Breakdown of multi-month support and declining liquidity bands for MIR
Pattern:
MIR trading price breaking below multi-month support zones (horizontal levels formed by prior consolidation), long-term moving averages (e.g., 100/200 period on relevant timeframe), and accompanied by declining volume and thinning orderbook depth.
Technical sellers and stop-loss clusters below those levels can trigger cascade moves.
Why it matters:
Technical breakdowns reduce passive liquidity and algorithmic buying; market makers widen spreads and reduce inventories in the face of expected directional loss, increasing slippage for buyers.
How to monitor:
Define support and resistance from higher-timeframe structure (weekly/monthly levels) and complement with moving averages relevant to your trading horizon.

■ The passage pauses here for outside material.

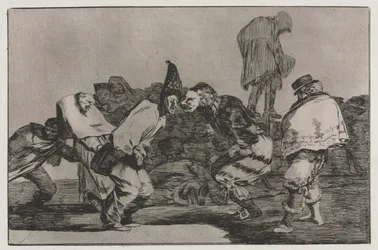 Los Proverbios: Carnaval de la Locura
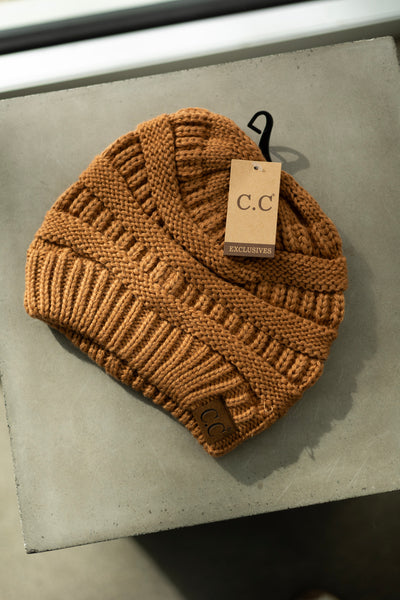 CC Beanie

Monitor traded volume on spot and DEX pools:
Look for divergence where price falls while volume dries up — a sign of weak buy-side.

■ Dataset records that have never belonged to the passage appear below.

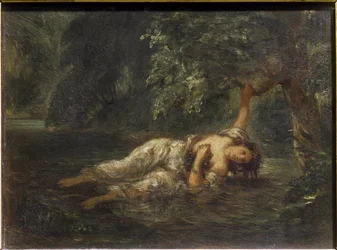 The Death of Ophelia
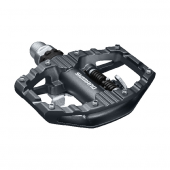 SHIMANO Pedal SPD PD-EH500 SM-SH56 ve Kilit - Siyah - 1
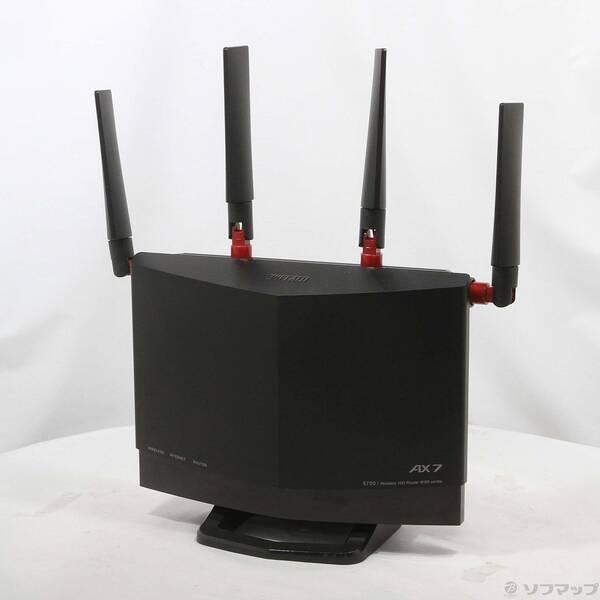 〔中古〕BUFFALO(バッファロー） WXR-5700AX7S／N〔262-ud〕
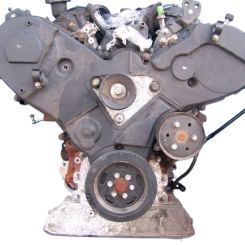 Motor ajd Jaguar Xf i (x250) 2.7 d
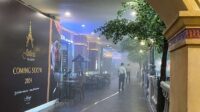 Kebakaran Mal Grand Indonesia Diduga Akibat Korsleting Listrik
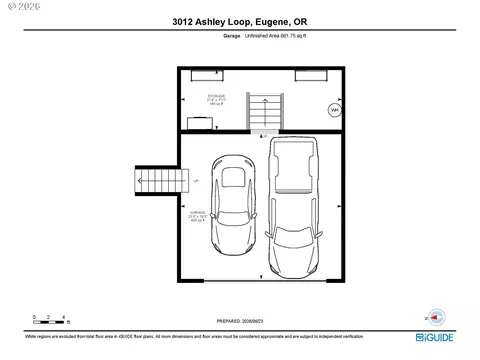 Floorplan - 3012 Ashley Loop, Eugene, OR 97405 photo 6 of 6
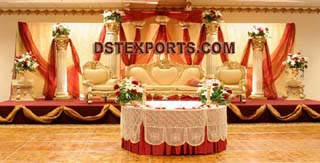 Indian Wedding Elegent Furniture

Check orderbook depth and spread on central exchanges and AMM pool reserves for MIR pairs; declining depth and rising slippage on moderate-sized market orders are warnings.
Use volatility and ATR to size risk; observe stop clusters from on-chain or orderbook analysis.
Signals and triggers:
A high-confidence bearish technical signal occurs when price closes decisively below a major support level with elevated relative volume on the down leg, orderbook depth reduced, and market makers withdrawing liquidity.

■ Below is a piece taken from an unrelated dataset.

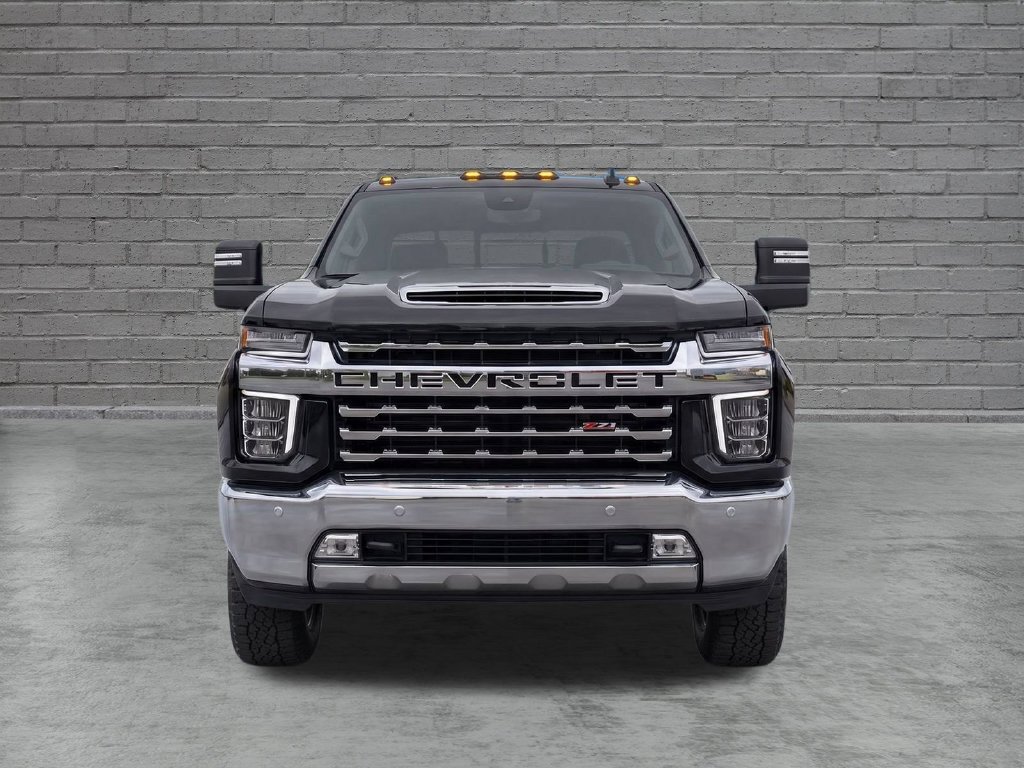 2022 Chevrolet Silverado 2500HD LTZ - Photo 8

If breakdown aligns with negative macro or liquidity signals, follow-through is more likely.
Trading approach:
Avoid initiating long positions on breakdowns; consider reducing exposure and using protective stops.
Tactical shorting can be considered if derivatives are available and risk controls are tight.
For traders planning to buy the dip, wait for liquidity to re-establish and for price to reclaim broken structure with confirming volume before increasing size.